» MATERIAL PROVIDED
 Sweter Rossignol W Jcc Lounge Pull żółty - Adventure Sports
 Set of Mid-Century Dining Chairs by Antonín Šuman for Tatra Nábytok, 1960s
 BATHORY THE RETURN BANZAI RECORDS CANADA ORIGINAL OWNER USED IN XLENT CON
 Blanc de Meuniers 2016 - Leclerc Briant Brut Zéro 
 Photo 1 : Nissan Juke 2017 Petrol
---
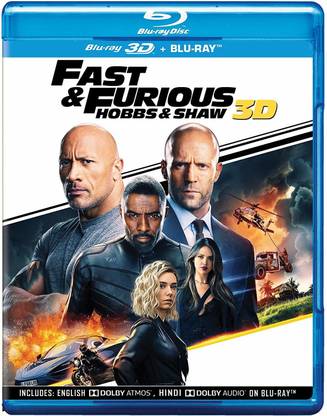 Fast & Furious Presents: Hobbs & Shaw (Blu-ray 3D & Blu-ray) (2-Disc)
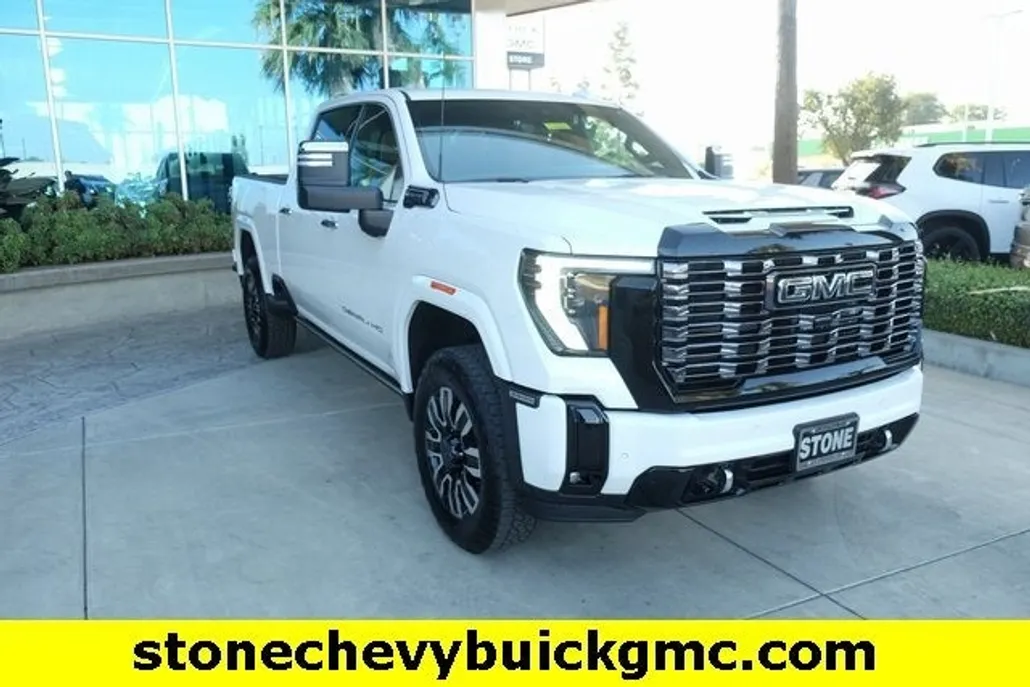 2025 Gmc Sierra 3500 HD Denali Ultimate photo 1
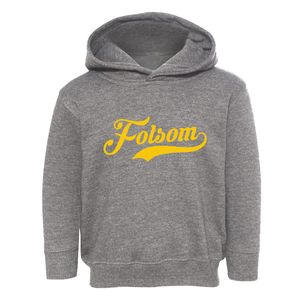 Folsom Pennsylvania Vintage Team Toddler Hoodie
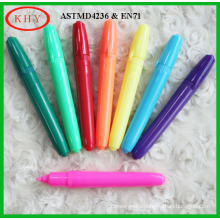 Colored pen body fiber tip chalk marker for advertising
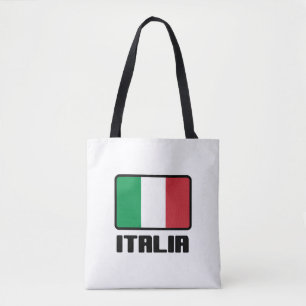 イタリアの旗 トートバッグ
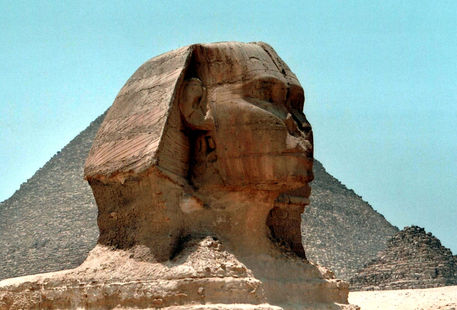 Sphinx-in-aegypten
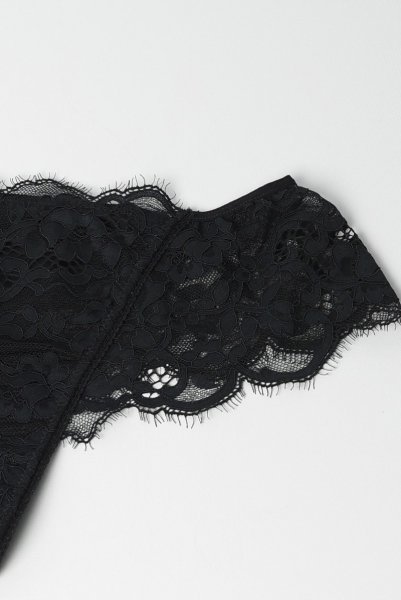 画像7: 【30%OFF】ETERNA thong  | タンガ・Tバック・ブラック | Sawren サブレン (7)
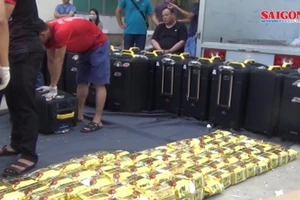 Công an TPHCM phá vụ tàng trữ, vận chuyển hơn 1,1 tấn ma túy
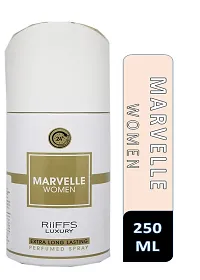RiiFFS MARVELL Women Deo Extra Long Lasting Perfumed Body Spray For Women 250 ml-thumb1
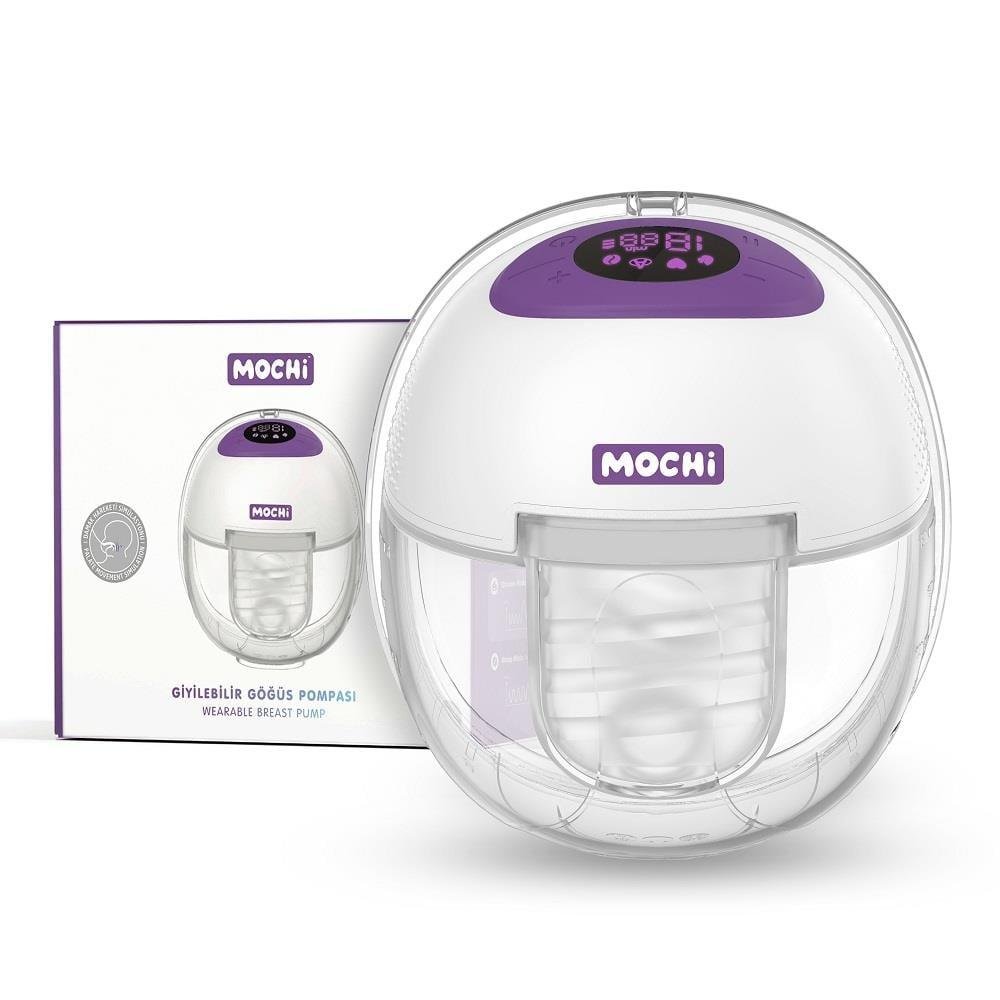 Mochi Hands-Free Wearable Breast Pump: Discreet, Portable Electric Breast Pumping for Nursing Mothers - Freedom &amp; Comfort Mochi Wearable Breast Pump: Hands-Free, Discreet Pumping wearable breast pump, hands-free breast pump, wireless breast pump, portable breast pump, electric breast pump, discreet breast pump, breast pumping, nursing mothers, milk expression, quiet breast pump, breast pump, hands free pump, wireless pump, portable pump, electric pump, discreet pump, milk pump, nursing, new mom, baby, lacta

» TASK REQUIREMENTS
Precisely those lines above that run from the line with "Sphinx-in-aegypten" up to and including the line with "Mochi Hands-Free Wearable" are to be set down, with the pictures omitted.

» WRITTEN ANSWER
 Sphinx-in-aegypten
 画像7: 【30%OFF】ETERNA thong  | タンガ・Tバック・ブラック | Sawren サブレン (7)
 Công an TPHCM phá vụ tàng trữ, vận chuyển hơn 1,1 tấn ma túy
RiiFFS MARVELL Women Deo Extra Long Lasting Perfumed Body Spray For Women 250 ml-thumb1
 Mochi Hands-Free Wearable Breast Pump: Discreet, Portable Electric Breast Pumping for Nursing Mothers - Freedom &amp; Comfort Mochi Wearable Breast Pump: Hands-Free, Discreet Pumping wearable breast pump, hands-free breast pump, wireless breast pump, portable breast pump, electric breast pump, discreet breast pump, breast pumping, nursing mothers, milk expression, quiet breast pump, breast pump, hands free pump, wireless pump, portable pump, electric pump, discreet pump, milk pump, nursing, new mom, baby, lacta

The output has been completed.